Une véritable levée de boucliers suscitée par l’émission scandale. La Société civile des opinions ouvertes et publiques, par le biais de son président, François Dominique Delafosse, qui condamne fermement l’émission et apporte son soutien indéfectible aux femmes victimes de cet acte ignoble, la Ligue ivoirienne des droits des femmes qui a lancé une pétition pour la sanction de l’animateur et annoncé avoir déposé une plainte, le Comité de coordination pour la participation politique des femmes (2C2PF), sont tous montés au créneau, pour manifester leur ras-le-bol contre cette pratique avilissante qui n’épargne aucune strate de la société et touche des femmes, des hommes et plus malheureusement encore, des enfants. Une publicité qui tombe mal pour l’événement Miss Côte d’Ivoire, dont Yves de M’Bella est le présentateur vedette.
Le Comité Miss Côte d’Ivoire, a pris les devants, se désolidarisant «de toute atteinte à la morale et à l’honorabilité des femmes», signifiant avoir pris «toutes les dispositions nécessaires pour son remplacement». Une position qui pourrait ramener la société de téléphonie, MTN, sponsor officiel de Miss Côte d’Ivoire, à de meilleurs sentiments, elle qui, exprimant son indignation et apportant sa solidarité à toutes les personnes victimes de ce fléau s’est engagée «à prendre des mesures fermes et appropriées conformes à ses valeurs avant la finale prévue ce samedi 4 septembre 2021».
Lâché de tous, Yves de M’Bella qui a présenté ses excuses sur les réseaux sociaux où il subit une volée de bois verts, vient d’être suspendu pour 30 jours, «de toutes les antennes des chaînes de télévisions et de radios en Côte d’Ivoire», par le collège de la Haute autorité de communication audiovisuelle (HACA). Il serait même en garde-à-vue pour être déféré devant le parquet ce mercredi, en vue de faire l’objet d’une procédure en flagrant délit d’apologie du viol.
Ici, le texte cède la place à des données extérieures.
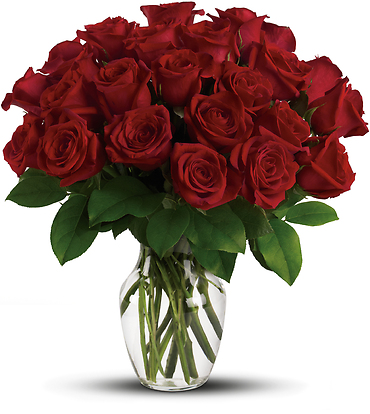 Red Short-stemmed Roses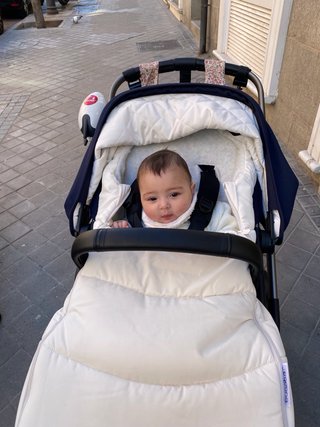Carrito Bugaboo Fox 5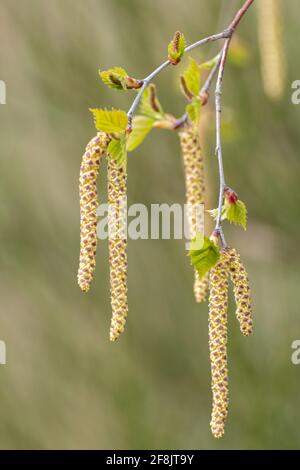 Chatons mâles sur le bouleau argenté (Betula pendula) en avril, au Royaume-Uni Banque D'Images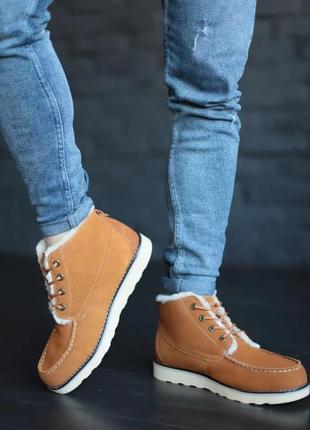Зимние мужские ботинки с мехом ugg коричневые (угги, черевики)2 фото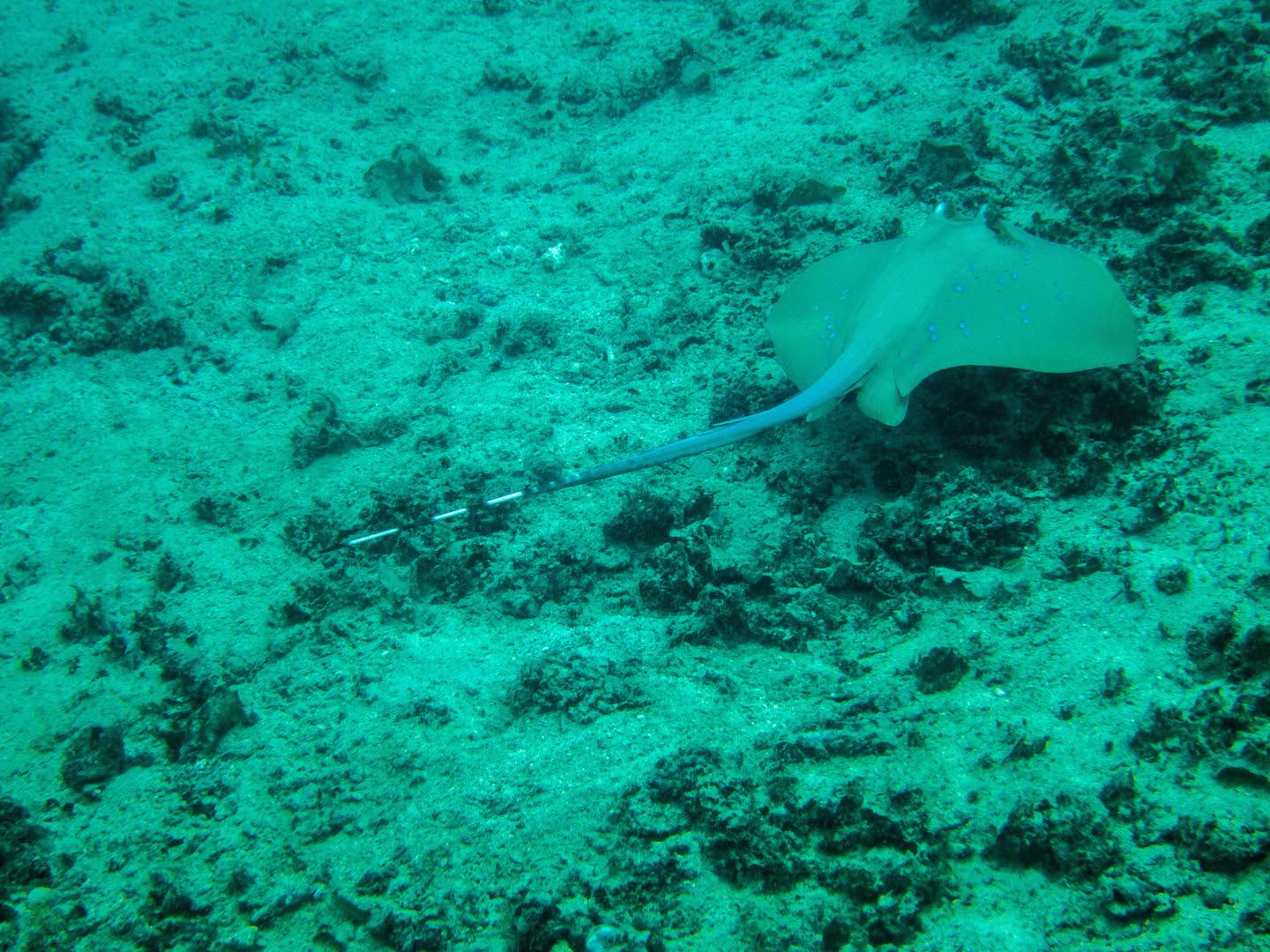 Blue spotted stingray, Natnat Dive Site, El Nido, Philippines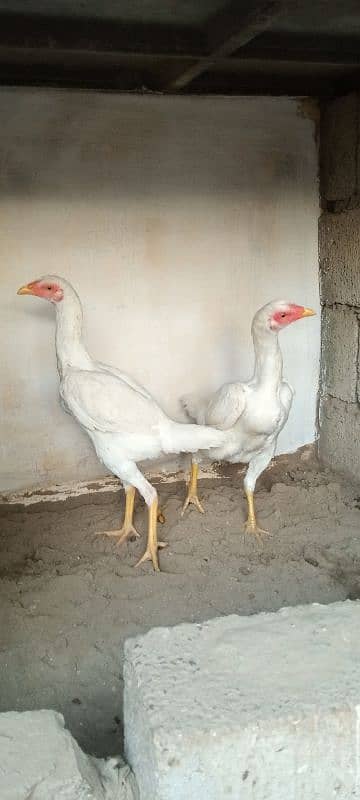 Aseel/ Aseel Minawali/ Pakistani Aseel/ Aseel Murga/ Aseel Chicks 6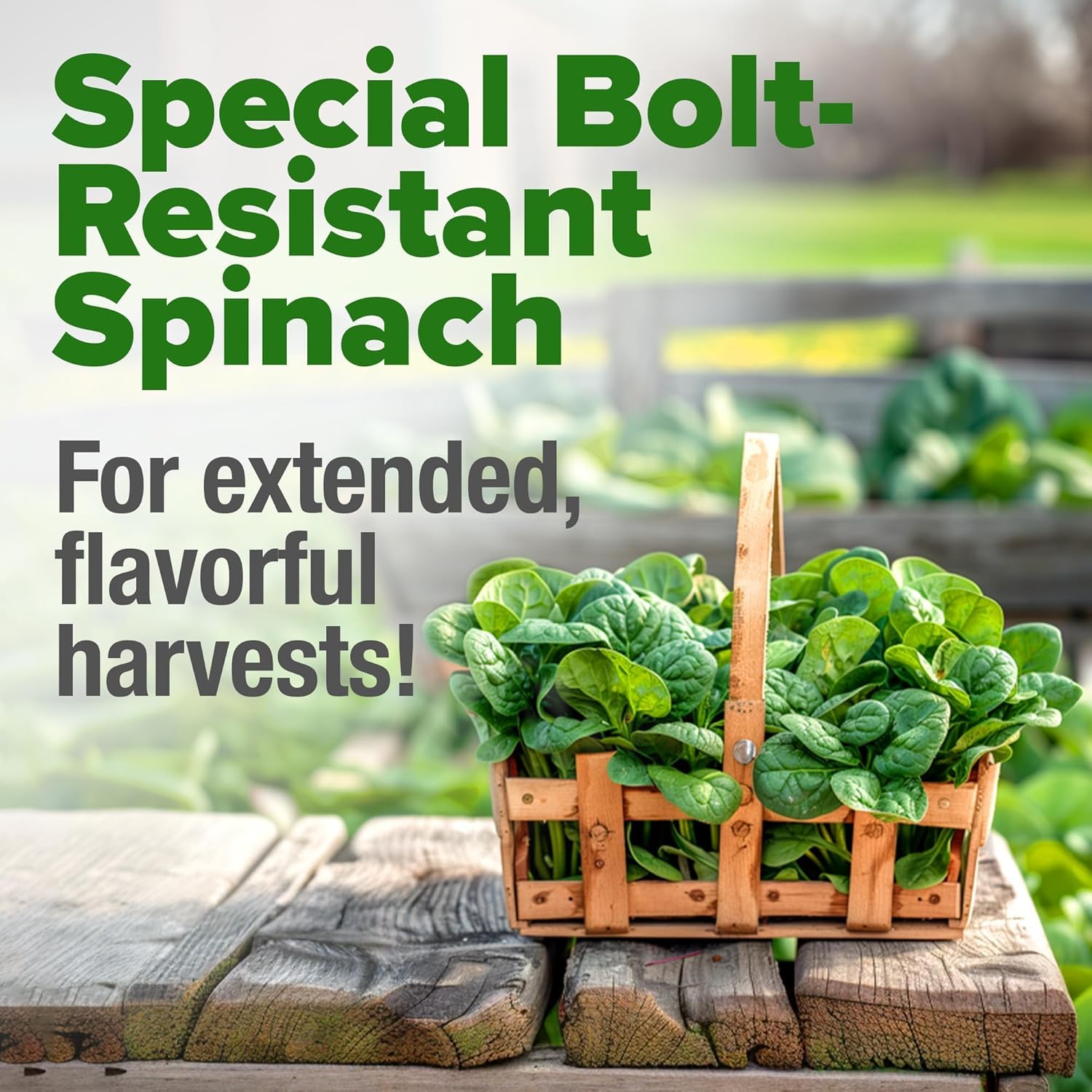 HOME GROWN Bloomsdale spinach hydroponic setup demonstrates year-round greens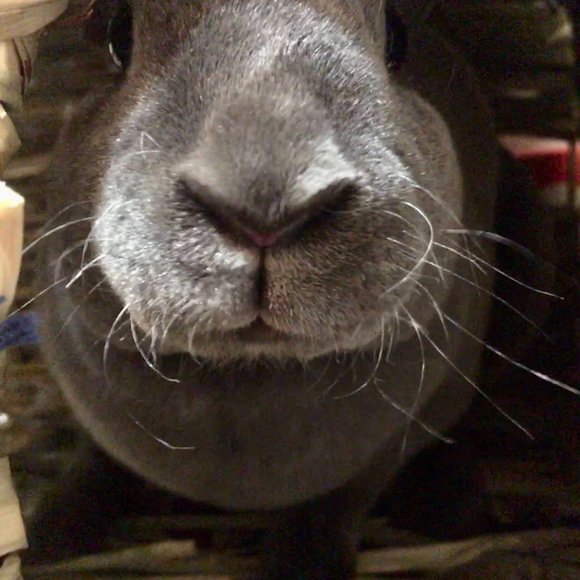 Meet your Posher, Bunny B - Picture 6 of 7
Mais n’est-ce pas à la NCI de sanctionner son agent et à la HACA de punir la chaîne de télévision? De quoi ou de qui a peur la HACA, qui n’ose pas s’attaquer à la NCI? Un parapluie politique au haut niveau protégerait-il la Nouvelle Chaîne Ivoirienne, comme cela se susurre dans certains milieux généralement bien informés?
En tout cas, le traitement de l’information est une valeur cardinale, surtout quand l’on s’adresse à un public, qui plus est, sur un sujet aussi profond et si déshumanisant que le viol. Tous les sujets ne sont pas bons pour le buzz. Errare humanum est, perseverare diabolicum, disent les Latins. Yves de M’Bella apprendra sans doute de son erreur qui est humaine et retiendra la leçon que c’est persévérer dans l’erreur qui est diabolique. Tous autant que l’animateur de NCI, nous hommes et femmes de média sommes interpellés.